Editor's Note: Bryan originally wrote this article for the EMS community. Read it; think about it; consider it as it pertains to the law enforcement community. Interesting answers come to light about fitness across the entire public safety spectrum.
Last year I wrote a series of articles on fitness and wellness within EMS. I did not realize the can of worms that I would open within the emergency services. I have received countless e-mails from all over the globe on this topic, which tells me that the issue is larger than I had perceived. But the common denominator in all the inquiries is - how do you implement a POST employment fitness program and have the crews adhere to those norms?

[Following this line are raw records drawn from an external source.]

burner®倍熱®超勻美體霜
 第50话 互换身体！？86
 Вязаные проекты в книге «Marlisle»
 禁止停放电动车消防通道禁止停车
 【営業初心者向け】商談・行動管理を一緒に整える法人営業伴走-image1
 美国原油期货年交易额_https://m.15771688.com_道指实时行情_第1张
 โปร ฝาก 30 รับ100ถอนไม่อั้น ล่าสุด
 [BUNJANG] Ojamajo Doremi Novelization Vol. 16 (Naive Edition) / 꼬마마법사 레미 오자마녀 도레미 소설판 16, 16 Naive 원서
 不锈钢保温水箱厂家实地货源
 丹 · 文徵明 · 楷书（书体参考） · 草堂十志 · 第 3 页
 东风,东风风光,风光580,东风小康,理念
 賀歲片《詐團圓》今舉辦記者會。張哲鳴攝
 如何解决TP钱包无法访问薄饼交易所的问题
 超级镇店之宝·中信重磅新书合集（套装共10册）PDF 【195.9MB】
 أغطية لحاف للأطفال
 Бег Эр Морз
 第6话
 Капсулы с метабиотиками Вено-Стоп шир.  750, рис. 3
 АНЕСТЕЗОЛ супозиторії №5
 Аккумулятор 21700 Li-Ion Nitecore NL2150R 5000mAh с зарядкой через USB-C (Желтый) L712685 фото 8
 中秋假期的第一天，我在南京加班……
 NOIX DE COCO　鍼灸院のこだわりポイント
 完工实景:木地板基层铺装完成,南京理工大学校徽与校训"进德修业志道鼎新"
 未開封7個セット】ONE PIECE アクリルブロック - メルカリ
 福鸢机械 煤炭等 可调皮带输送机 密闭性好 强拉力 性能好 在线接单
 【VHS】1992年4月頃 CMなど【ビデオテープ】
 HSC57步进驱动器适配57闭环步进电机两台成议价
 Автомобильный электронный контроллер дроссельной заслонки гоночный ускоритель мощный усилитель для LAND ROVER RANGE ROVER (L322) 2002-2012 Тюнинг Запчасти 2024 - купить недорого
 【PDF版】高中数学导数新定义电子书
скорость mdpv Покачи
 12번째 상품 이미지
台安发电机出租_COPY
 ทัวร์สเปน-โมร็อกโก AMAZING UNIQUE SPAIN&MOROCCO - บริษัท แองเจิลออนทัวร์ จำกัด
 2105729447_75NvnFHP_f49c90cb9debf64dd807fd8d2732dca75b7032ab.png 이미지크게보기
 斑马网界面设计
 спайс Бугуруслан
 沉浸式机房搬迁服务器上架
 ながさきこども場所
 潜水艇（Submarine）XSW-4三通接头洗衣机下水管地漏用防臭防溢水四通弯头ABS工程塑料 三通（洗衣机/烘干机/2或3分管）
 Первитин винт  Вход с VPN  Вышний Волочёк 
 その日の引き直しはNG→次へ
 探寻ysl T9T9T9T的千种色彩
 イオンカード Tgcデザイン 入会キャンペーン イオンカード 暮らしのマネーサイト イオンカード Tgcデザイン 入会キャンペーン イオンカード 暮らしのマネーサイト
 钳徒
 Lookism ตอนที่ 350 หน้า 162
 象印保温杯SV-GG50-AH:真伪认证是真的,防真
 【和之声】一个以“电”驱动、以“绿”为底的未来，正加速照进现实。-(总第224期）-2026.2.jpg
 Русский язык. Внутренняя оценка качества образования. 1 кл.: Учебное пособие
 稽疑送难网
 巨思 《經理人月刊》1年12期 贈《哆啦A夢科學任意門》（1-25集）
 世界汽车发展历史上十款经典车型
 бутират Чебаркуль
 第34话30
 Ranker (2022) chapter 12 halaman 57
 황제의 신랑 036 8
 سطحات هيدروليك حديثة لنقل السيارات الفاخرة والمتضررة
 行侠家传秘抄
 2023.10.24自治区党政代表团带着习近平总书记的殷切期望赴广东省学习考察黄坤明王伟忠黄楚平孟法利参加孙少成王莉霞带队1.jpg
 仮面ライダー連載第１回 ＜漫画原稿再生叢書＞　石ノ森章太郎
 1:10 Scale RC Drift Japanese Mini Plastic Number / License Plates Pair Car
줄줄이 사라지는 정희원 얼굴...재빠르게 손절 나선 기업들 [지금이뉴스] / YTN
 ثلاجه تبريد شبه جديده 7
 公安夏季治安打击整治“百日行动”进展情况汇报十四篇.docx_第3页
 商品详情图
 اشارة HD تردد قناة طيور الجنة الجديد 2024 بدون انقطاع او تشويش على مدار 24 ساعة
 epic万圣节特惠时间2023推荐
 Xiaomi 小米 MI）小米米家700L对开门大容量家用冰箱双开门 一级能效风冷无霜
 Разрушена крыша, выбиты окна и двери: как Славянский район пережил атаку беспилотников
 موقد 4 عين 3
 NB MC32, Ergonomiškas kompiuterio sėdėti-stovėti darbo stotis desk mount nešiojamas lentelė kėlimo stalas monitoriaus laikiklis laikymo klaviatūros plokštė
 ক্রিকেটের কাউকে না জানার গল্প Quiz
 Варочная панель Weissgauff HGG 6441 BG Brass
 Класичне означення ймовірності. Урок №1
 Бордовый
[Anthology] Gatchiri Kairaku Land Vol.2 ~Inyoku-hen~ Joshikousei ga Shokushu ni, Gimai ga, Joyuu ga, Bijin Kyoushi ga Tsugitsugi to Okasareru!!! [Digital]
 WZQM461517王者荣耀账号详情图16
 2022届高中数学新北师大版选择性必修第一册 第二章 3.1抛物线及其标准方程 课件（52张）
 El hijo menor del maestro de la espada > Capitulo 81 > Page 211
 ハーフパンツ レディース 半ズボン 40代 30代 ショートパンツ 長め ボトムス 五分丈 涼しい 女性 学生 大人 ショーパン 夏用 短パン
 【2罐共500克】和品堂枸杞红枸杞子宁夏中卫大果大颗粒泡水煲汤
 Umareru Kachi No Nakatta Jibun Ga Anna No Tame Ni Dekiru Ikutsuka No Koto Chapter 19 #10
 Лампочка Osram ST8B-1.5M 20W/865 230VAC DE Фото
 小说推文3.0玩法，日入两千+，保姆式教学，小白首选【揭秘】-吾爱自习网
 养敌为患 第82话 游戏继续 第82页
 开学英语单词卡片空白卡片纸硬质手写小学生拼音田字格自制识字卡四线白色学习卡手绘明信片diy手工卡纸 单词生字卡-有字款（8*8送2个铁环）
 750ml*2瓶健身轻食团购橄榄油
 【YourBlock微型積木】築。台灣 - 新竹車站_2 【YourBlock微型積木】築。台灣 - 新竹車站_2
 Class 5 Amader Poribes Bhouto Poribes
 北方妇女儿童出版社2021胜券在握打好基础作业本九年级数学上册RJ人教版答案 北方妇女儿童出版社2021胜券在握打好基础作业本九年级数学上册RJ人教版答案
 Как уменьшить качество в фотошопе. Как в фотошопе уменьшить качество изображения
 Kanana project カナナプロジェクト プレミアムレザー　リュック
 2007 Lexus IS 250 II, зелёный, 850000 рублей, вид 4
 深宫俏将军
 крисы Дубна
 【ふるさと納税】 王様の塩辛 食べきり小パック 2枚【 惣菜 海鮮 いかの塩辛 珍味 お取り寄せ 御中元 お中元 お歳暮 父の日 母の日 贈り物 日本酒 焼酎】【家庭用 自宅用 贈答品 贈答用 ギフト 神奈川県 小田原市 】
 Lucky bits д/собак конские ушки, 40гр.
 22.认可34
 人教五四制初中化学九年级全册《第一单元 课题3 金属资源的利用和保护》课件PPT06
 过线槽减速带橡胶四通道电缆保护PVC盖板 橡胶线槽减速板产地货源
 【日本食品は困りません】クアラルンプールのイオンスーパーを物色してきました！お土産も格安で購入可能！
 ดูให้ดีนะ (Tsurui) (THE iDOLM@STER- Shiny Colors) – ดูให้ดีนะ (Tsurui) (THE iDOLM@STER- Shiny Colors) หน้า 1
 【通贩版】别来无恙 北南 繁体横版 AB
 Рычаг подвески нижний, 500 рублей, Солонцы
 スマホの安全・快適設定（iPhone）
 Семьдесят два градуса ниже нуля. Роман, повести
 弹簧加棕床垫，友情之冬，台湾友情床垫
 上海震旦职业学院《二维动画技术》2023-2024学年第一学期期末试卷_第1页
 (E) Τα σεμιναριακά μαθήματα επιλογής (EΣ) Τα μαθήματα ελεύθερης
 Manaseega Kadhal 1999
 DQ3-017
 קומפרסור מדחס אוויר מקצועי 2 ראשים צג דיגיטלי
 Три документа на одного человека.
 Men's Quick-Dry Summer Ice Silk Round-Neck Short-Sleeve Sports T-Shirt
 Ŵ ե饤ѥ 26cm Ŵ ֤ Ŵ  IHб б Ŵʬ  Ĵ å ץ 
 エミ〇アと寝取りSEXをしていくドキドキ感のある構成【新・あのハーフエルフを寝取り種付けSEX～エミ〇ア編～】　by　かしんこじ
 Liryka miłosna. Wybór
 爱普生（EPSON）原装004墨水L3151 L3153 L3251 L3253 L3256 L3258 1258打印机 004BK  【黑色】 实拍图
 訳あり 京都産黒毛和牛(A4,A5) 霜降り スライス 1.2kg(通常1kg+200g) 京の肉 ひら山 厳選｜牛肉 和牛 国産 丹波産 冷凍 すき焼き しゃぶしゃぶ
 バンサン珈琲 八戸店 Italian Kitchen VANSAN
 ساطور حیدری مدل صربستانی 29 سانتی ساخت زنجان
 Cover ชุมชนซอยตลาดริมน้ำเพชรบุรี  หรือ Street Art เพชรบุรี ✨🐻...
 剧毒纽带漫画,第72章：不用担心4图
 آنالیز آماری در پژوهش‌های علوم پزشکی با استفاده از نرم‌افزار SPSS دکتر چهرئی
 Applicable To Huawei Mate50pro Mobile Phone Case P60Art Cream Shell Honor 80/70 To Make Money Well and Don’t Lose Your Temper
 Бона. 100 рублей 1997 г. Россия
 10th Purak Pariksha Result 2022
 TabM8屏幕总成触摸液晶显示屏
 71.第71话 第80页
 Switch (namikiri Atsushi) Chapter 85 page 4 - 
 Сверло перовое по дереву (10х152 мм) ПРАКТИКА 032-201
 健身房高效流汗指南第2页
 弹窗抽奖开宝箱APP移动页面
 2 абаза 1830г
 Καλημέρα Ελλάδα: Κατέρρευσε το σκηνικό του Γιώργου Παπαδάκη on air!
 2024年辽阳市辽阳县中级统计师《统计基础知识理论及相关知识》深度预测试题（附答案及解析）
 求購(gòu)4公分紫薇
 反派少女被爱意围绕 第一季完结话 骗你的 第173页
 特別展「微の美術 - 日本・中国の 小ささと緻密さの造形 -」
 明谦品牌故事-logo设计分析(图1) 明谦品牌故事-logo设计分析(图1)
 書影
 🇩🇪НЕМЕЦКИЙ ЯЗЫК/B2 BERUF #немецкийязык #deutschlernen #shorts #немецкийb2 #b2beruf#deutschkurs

As we all know a pre-employment fitness test is administered prior to hiring, but the conundrum is simply who designed the tests, are they valid and are they reproducible? I have personally seen many medics who wheeze climbing 2 flights of stairs pass these tests. So I am left wondering if the testing is done simply to appease the insurance company.
Let's face it, the system is flawed, medics are in demand, pay is poor and job stress is high. But, how do we as a profession set a standard and keep it? Fire and Police do not seem to have a problem; they get tested yearly and accept that fact. In EMS just the mere mention of yearly fitness testing incites a riot. Why, what are we so afraid of? Are we truly afraid of being healthy? Do we want to become our patients? Obese, on 7 meds, sedentary... or are most of you already there?
I know, modern EMS, especially in an urban setting is very busy and 911 abuse is rampant. There is little time to eat, sleep and rest let alone exercise. What about your days off? One of the true beauties of EMS is that you have built in days off. Should we be accountable to take care of ourselves on our off days? Almost every health club in the country has discounts for public safety employees.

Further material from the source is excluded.